Most Talkative: Stories from the Front Lines of Pop Culture by Andy Cohen
My rating: 1 of 5 stars
Why? Well, that's harder to answer now I suppose than even before I read the book. I haven't watched his little talk show very often, or thought much of it when I did, I think the Housewives-brand he's produced for Bravo is not just unwatchable but reprehensible, and I can't say, having now read his autobiography, that there's much the man has to say that I don't think either insipid or just silly. That said, I kinda like the guy.
Again, why? His enthusiasms seem completely genuine, but they're not mine. His store of anecdote, with a few exceptions, is hardly stocked with names about whom I give a rat's ass (Susan Lucci? Diana Ross? Oprah? No, no, and nope.) He can be very funny; about the awkwardness of encountered celebrity, his time on a low-rent morning show, and at his best, when describing his own thoroughly endearing family. His voice, at least here, is charming; self-deprecating, earthy and unpretentious. He's forgiving of his youthful vanity, but unsparing in detailing his early mistakes, both personal and professional. He is however considerably more reticent about describing his personal life now and downright tight-lipped when it comes to sex or romance after achieving his professional success.
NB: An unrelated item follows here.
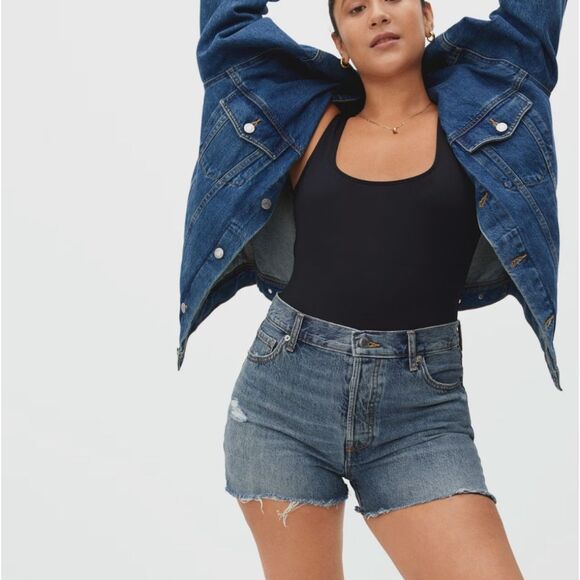 Everlane The Relaxed 90s Short Deep Indigo Blue Jean Distressed Raw Hem Size 25 - Picture 1 of 11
We learn little or nothing from this book about his expansion social circle after he becomes a powerful producer and cable executive, and there's not a hint of who may or may not be in that much fabled and exclusive company of culturally significant or politically influential gays in which he presumably now moves -- other than one coy mentioned of his pal, Anderson Cooper. As for boyfriends, lovers, partners or fuck-buddies, famous or no, there's not a one that I could see here one Cohen gets to his present employer. Based just on the evidence in this book, one might assume the poor man hasn't gotten laid since the nineties. (There's an obvious irony in a man who helped invent a genre of reality TV made exclusively from the manicured but still unsavory exhibitionism of bored and boring rich women, being coy about who he's fucking now that he is himself rich.)
And yet... I like the guy. Yes, there's an intentional and irritating superficiality to both autobiography and subject, and he certainly can not be said to have used either his talent or his influence to do much good in the world, but he is a very visible gay man, who's signature personal and professional style, it could be argued, has had an impact on normalizing GLBTQ people for a certain segment of largely younger, middle class white women. That's not a bad thing, entirely. And he's clearly great fun to watch the Oscars with, now that he isn't tasked with luring reluctant stars to waste their mojo on a third-place network morning show.
Did I mention that he hates singing school children? Maybe that's reason enough.